Only the lines from the line with "Bad Friend Full" through the end of the records belong in your reply, copied exactly, with every picture left out.
====
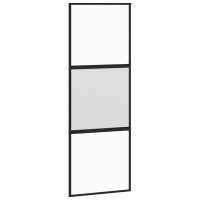 Produktbild för Skjutdörr med beslag svart 76x205 cm härdat glas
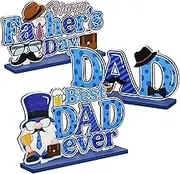Father's Day Table Centerpiece | Wood Father's Day Decorations,Kids' Party Supplies For Dad Birthday Family Husband Table Desk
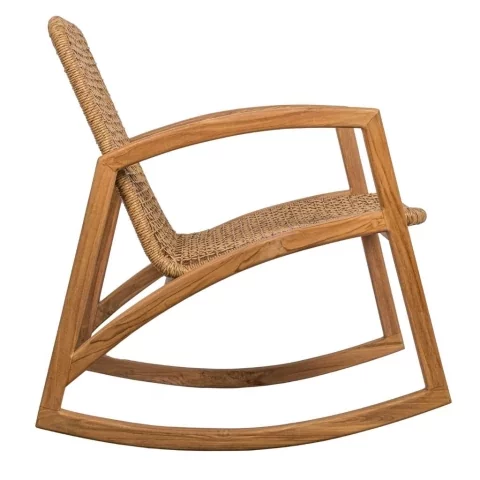 ANNA - Rocking chair extérieur/intérieur en teck et corde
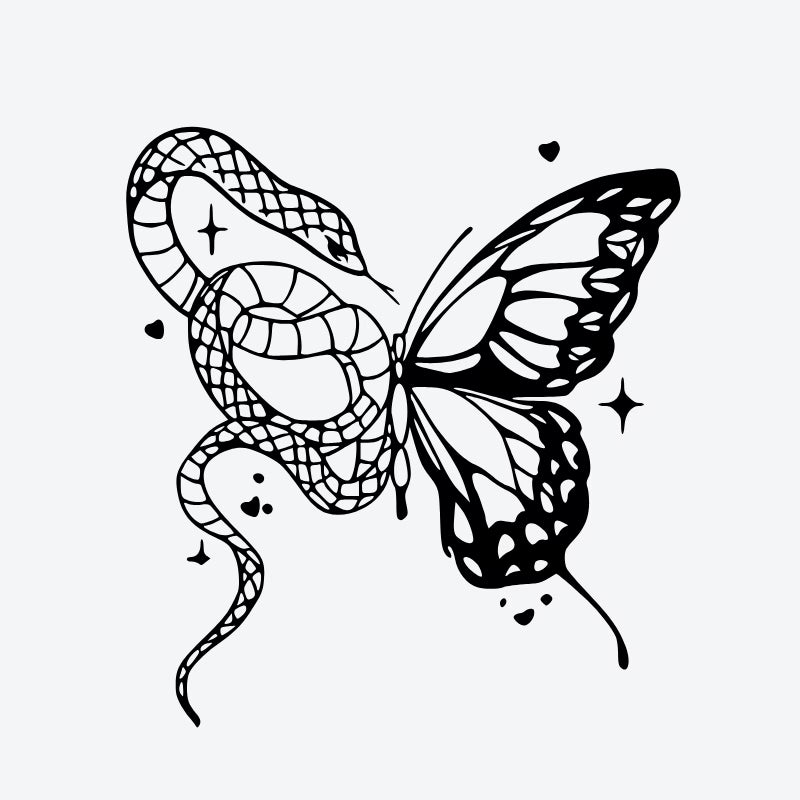 Butterfly Floral Tattoo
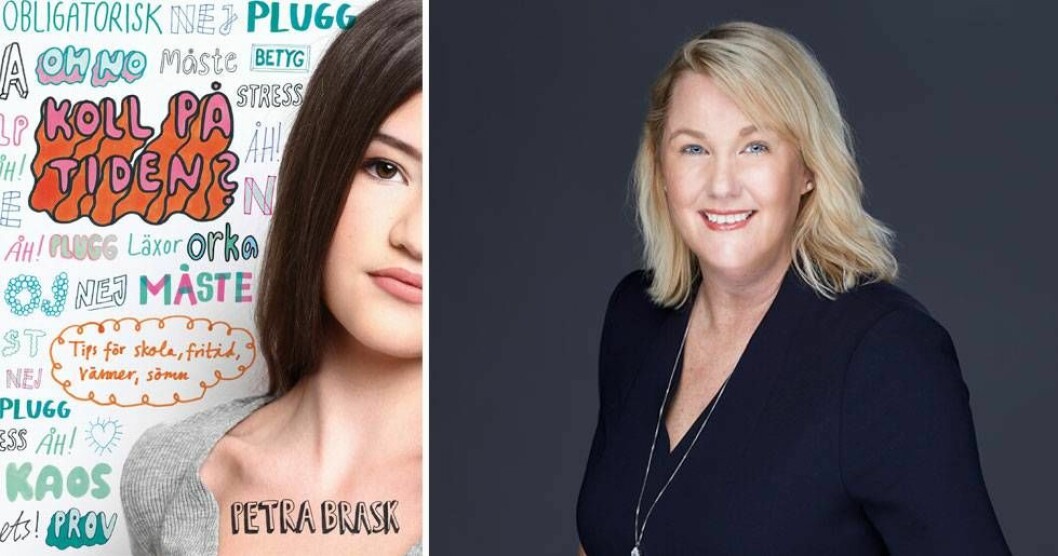 Petra Brask, effektivitetskonsult, föreläsare och författare har skrivit Koll på tiden? som gavs ut på Lava förlag i januari i år. Foto: Lava förlag, Peter Knutson Bokomslag på Koll på tiden? och porträtt av författaren Petra Brask.
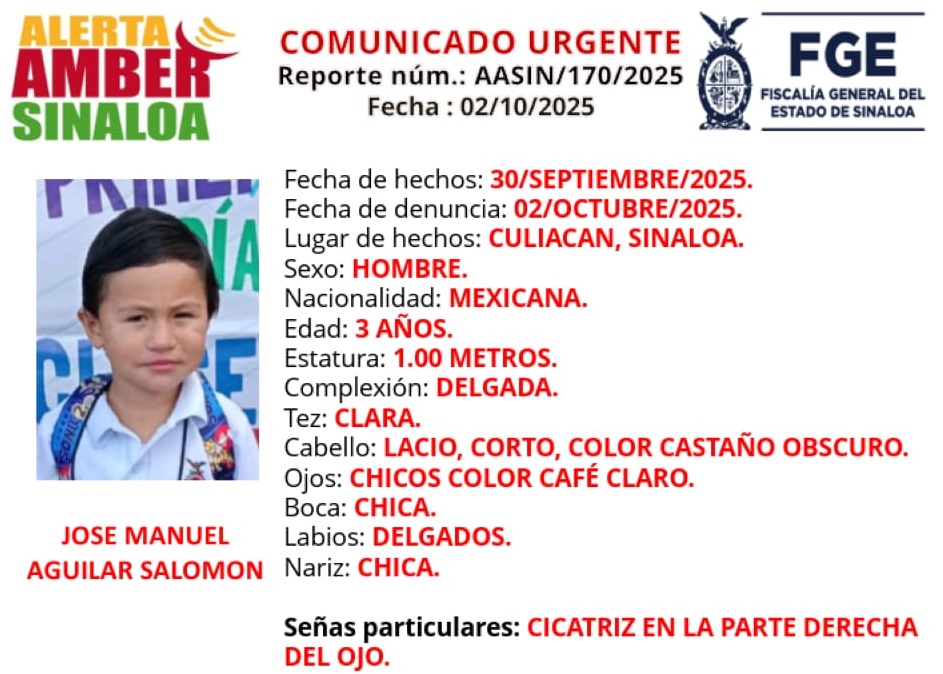 Alerta Amber para localizar a José Manuel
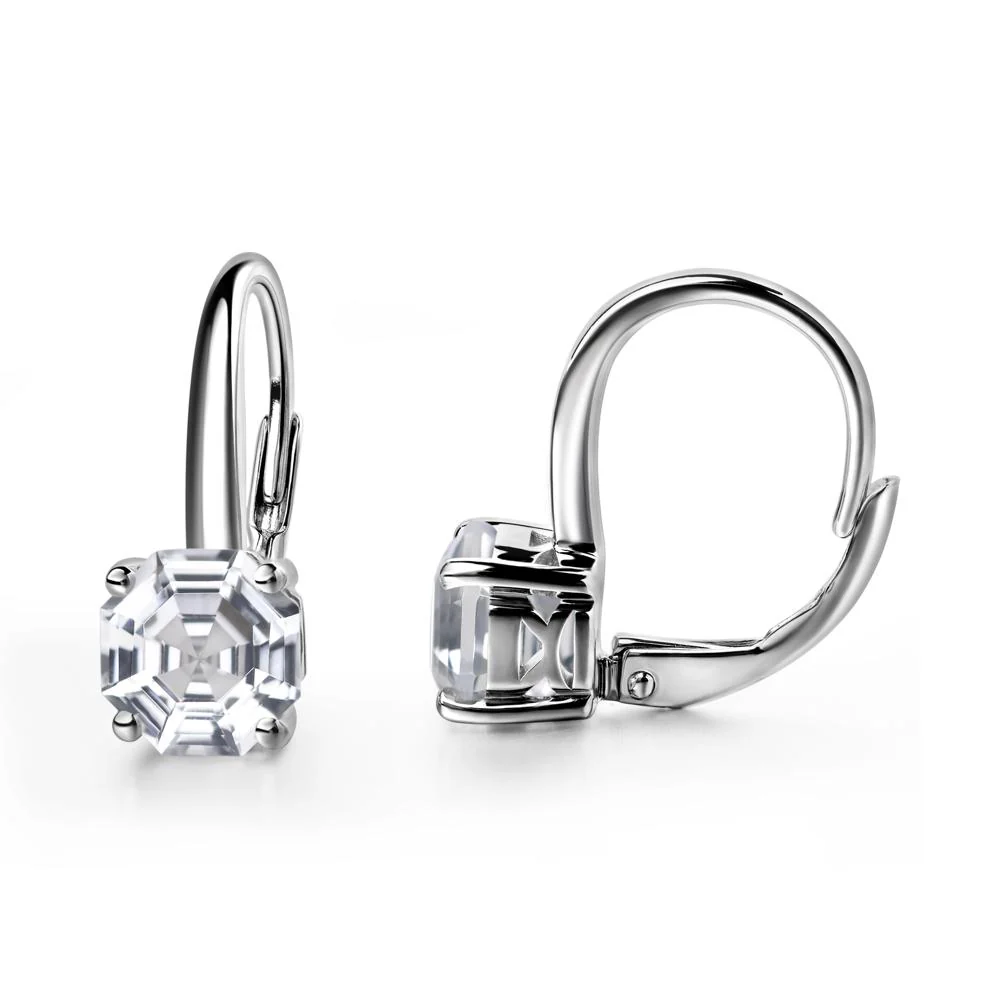 White Topaz Leverback Earrings - Image 7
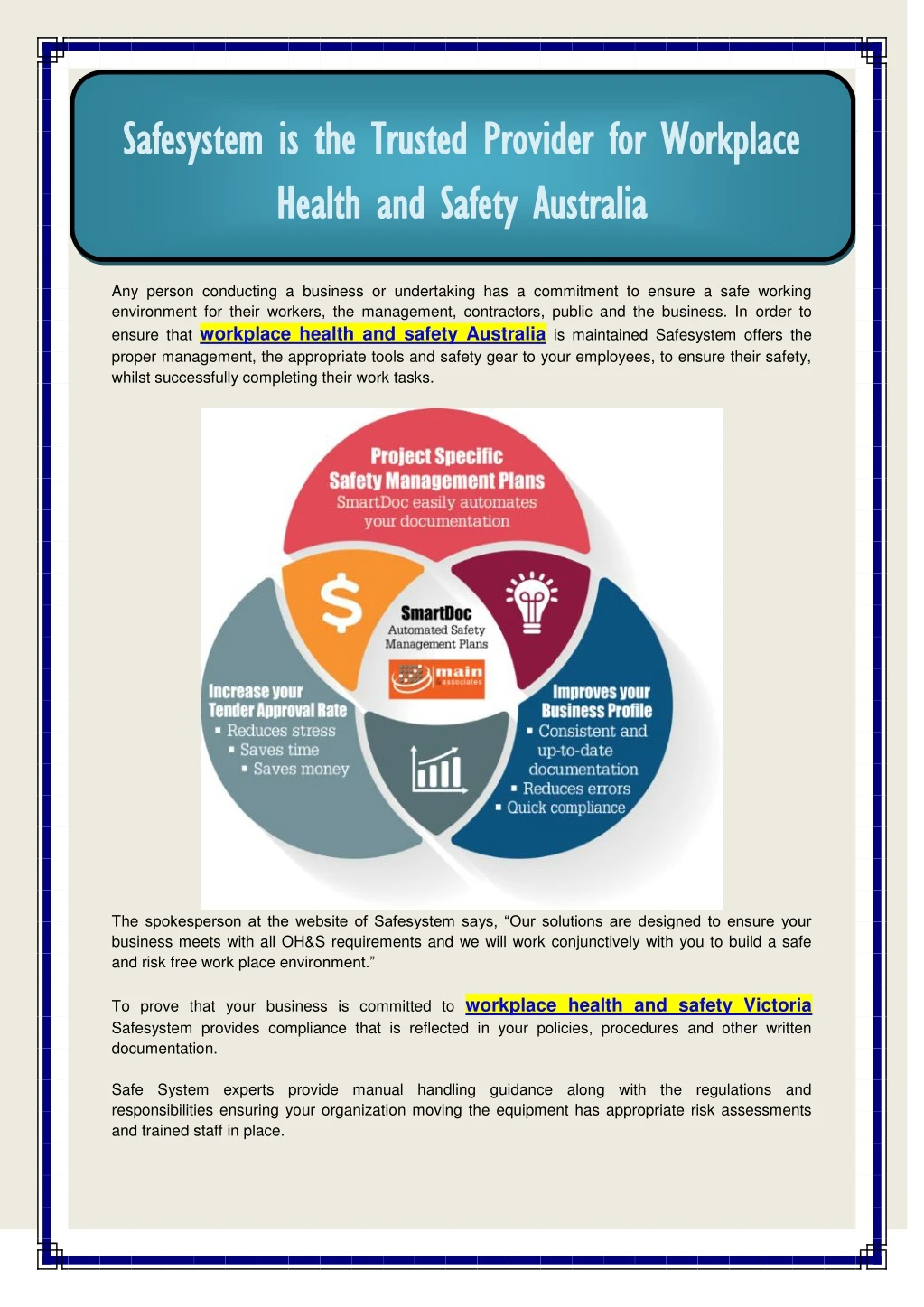 safesystem is the trusted provider for workplace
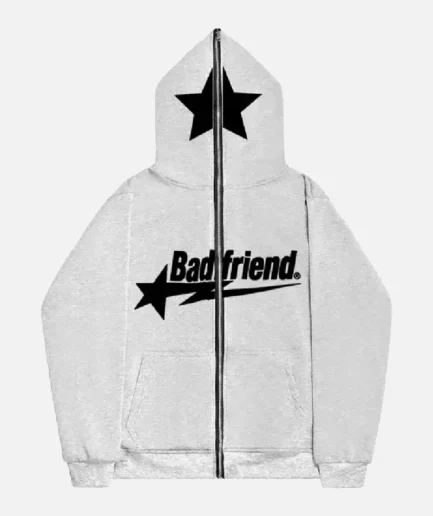 Bad Friend Full Zipper Hoodie Light Grey Black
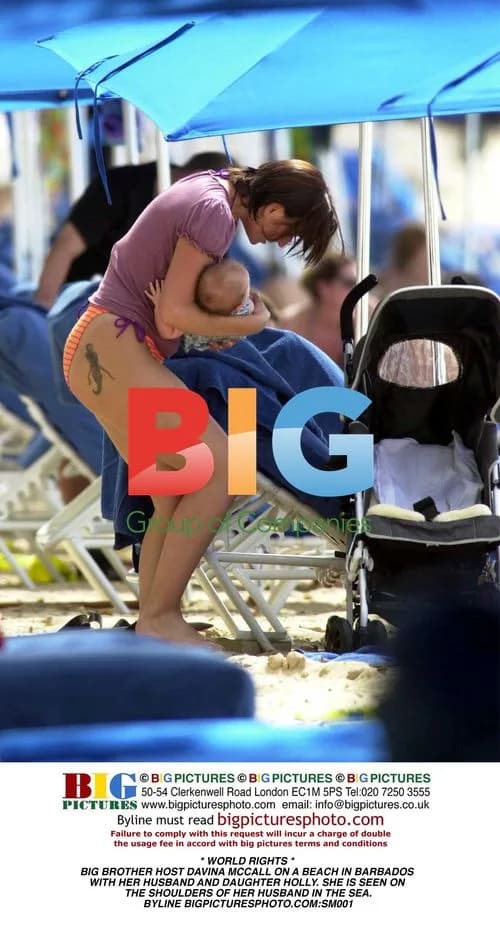 Davina McCall with husband and daughter in Barbados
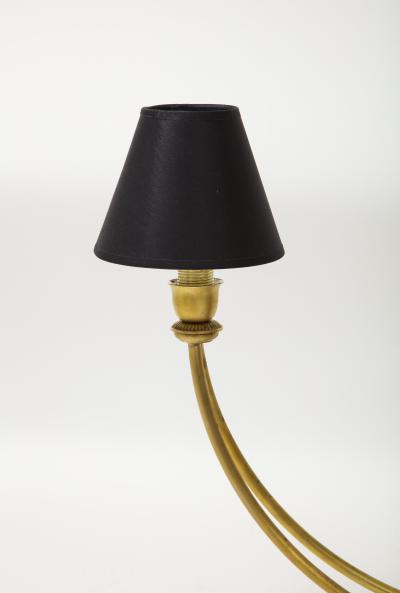 Two Arm Brass Table Lamp with Murano Glass Ball Stem
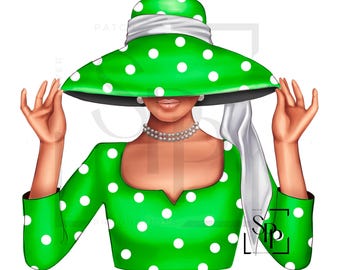 UV DTF Schöne Regal Grün und Weiß Polka Dot Lady bereit, permanent klebende Aufkleber Tassen Telefon Gläser Autos Zeitschriften Becher gelten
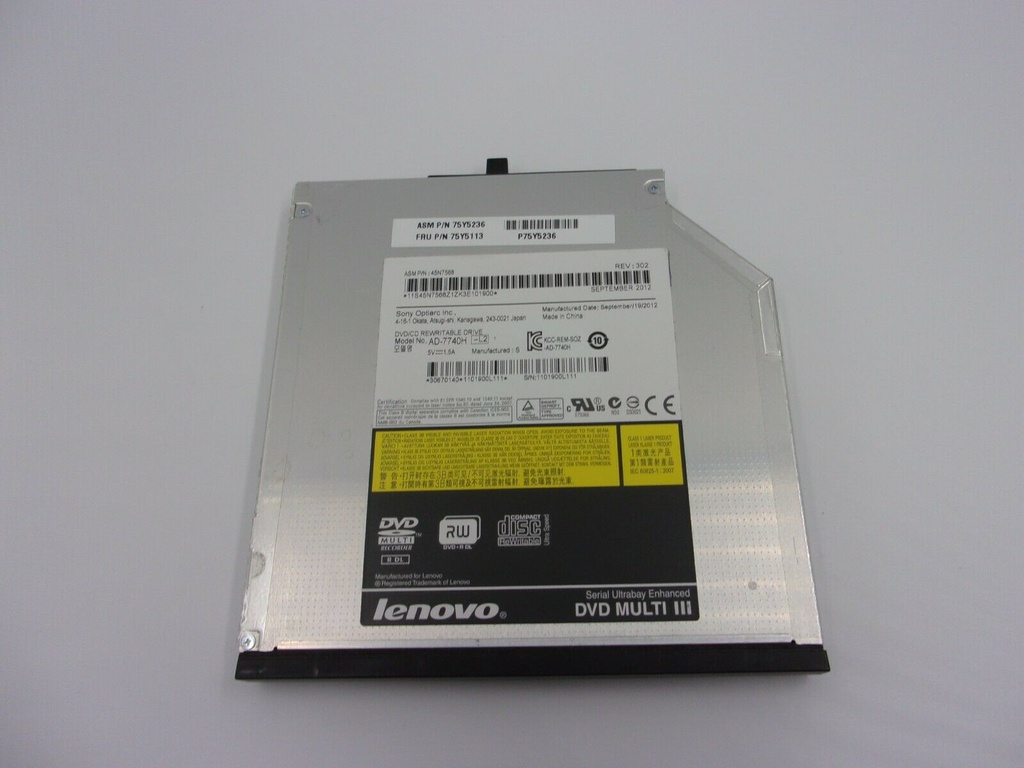 Lenovo ThinkPad T430 14&quot; Genuine DVD-RW Burner Drive UJ8C0 75Y5111 TESTED GOOD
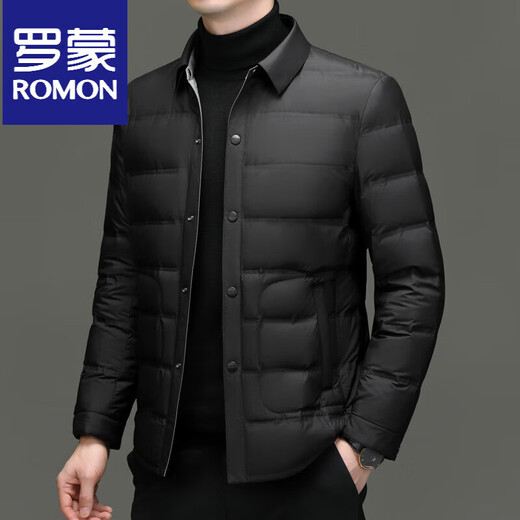 ROMON зимний новый мужской пуховик с лацканами, простая куртка 85, белый утиный пух, легкий деловой мужской большой товар, серый M 170/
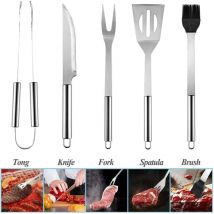 5Pcs Ustensiles Barbecue, Kit Barbecue Outil de Barbecue en Acier Inoxydable, Set Barbecue Portable, Ustensiles pour Barbecue, Accessoires Barbecue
====
Result for this exercise
 Bad Friend Full Zipper Hoodie Light Grey Black
 Davina McCall with husband and daughter in Barbados
 Two Arm Brass Table Lamp with Murano Glass Ball Stem
 UV DTF Schöne Regal Grün und Weiß Polka Dot Lady bereit, permanent klebende Aufkleber Tassen Telefon Gläser Autos Zeitschriften Becher gelten
 Lenovo ThinkPad T430 14&quot; Genuine DVD-RW Burner Drive UJ8C0 75Y5111 TESTED GOOD
 ROMON зимний новый мужской пуховик с лацканами, простая куртка 85, белый утиный пух, легкий деловой мужской большой товар, серый M 170/
 5Pcs Ustensiles Barbecue, Kit Barbecue Outil de Barbecue en Acier Inoxydable, Set Barbecue Portable, Ustensiles pour Barbecue, Accessoires Barbecue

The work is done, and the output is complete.